* [WORK TASK]: Take the entries below and reproduce exactly the portion that begins at the line containing "Wywieźli Roberta w" and ends at the line containing "Immagine 3 di", keeping both ends, dropping pictures, and adding nothing else.

---- LISTED RECORDS

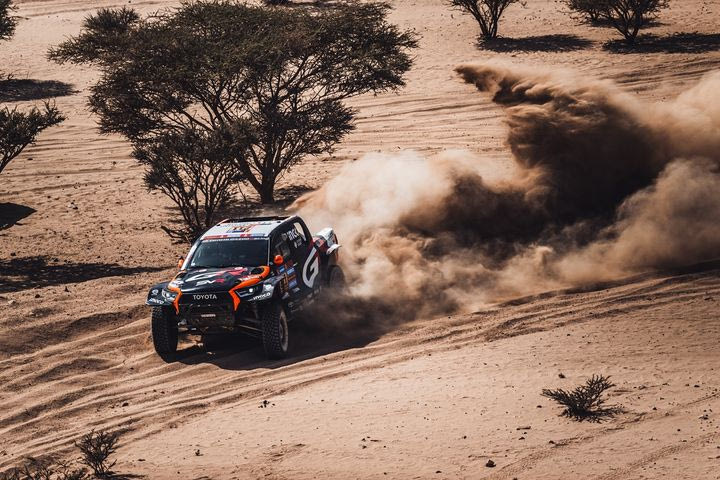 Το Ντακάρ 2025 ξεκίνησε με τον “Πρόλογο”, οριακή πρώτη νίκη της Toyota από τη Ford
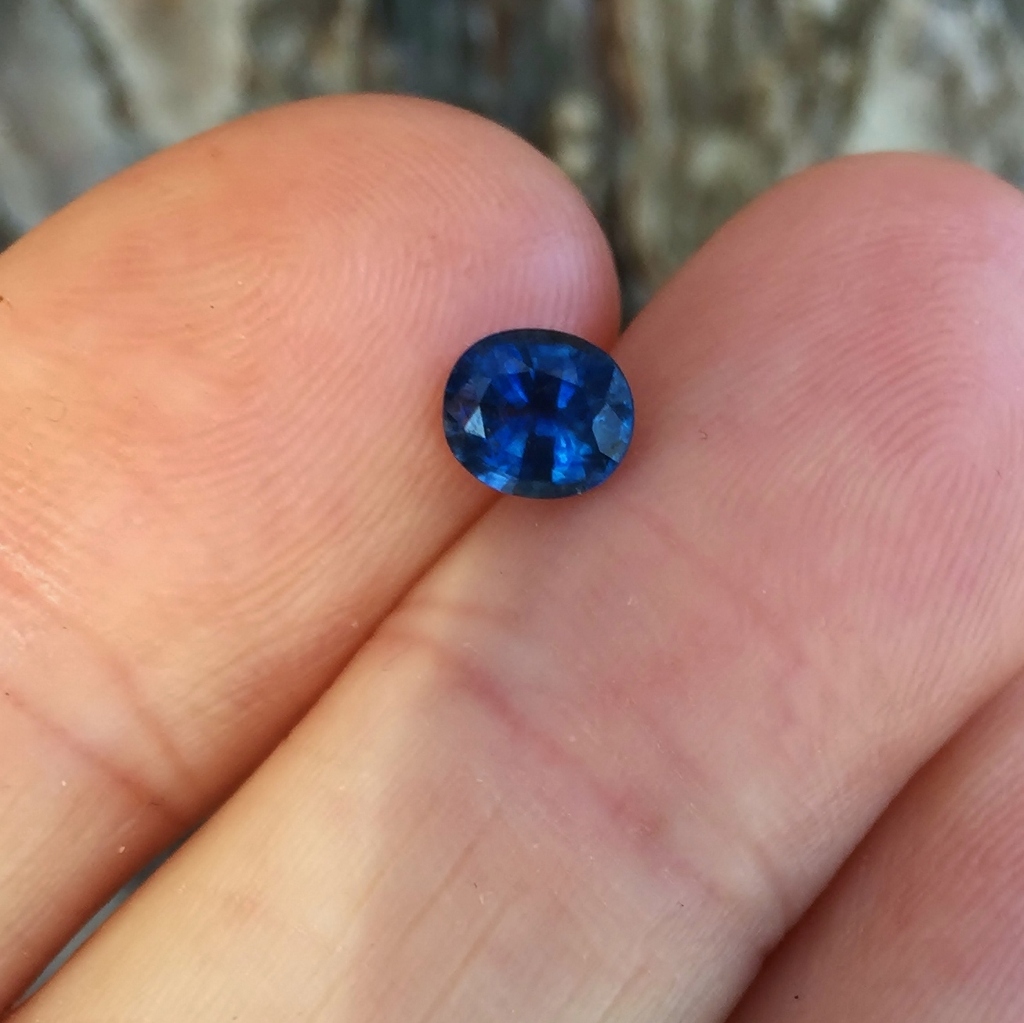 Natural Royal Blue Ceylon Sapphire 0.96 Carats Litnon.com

--------
---- LISTED RECORDS

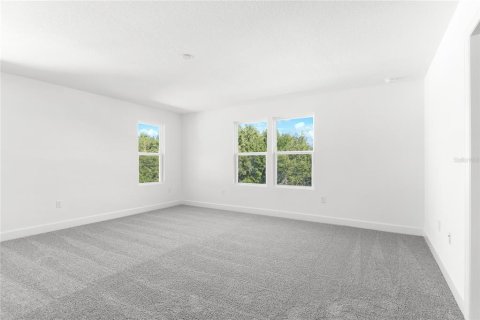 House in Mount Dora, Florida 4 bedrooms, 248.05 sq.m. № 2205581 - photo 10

--------
---- LISTED RECORDS

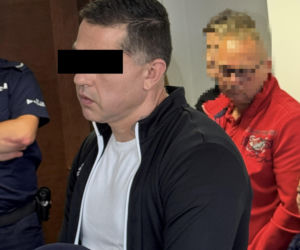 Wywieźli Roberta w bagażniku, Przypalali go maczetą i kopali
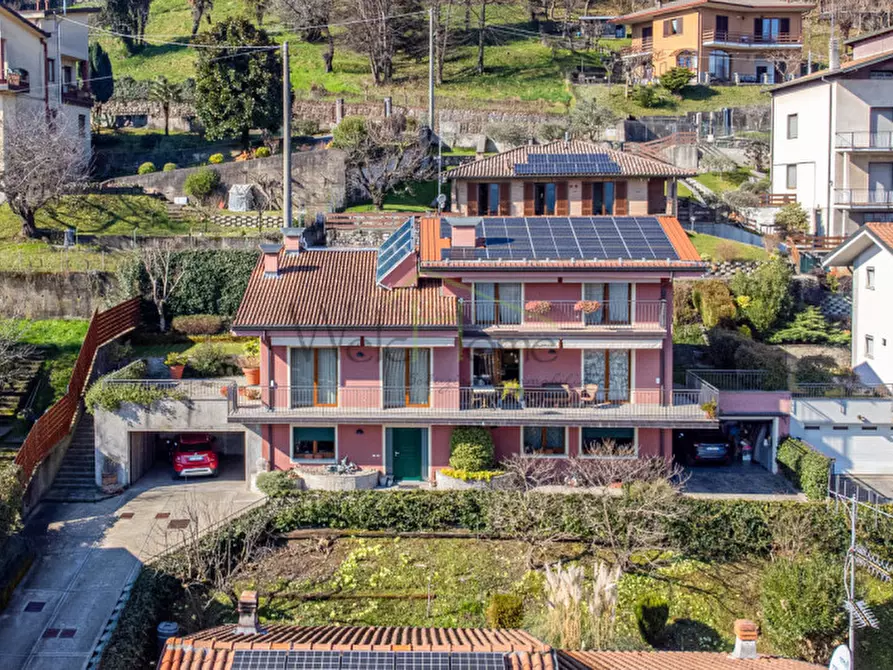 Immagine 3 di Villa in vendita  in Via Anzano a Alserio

--------

* [REPLY TO THE TASK]:
 Wywieźli Roberta w bagażniku, Przypalali go maczetą i kopali
 Immagine 3 di Villa in vendita  in Via Anzano a Alserio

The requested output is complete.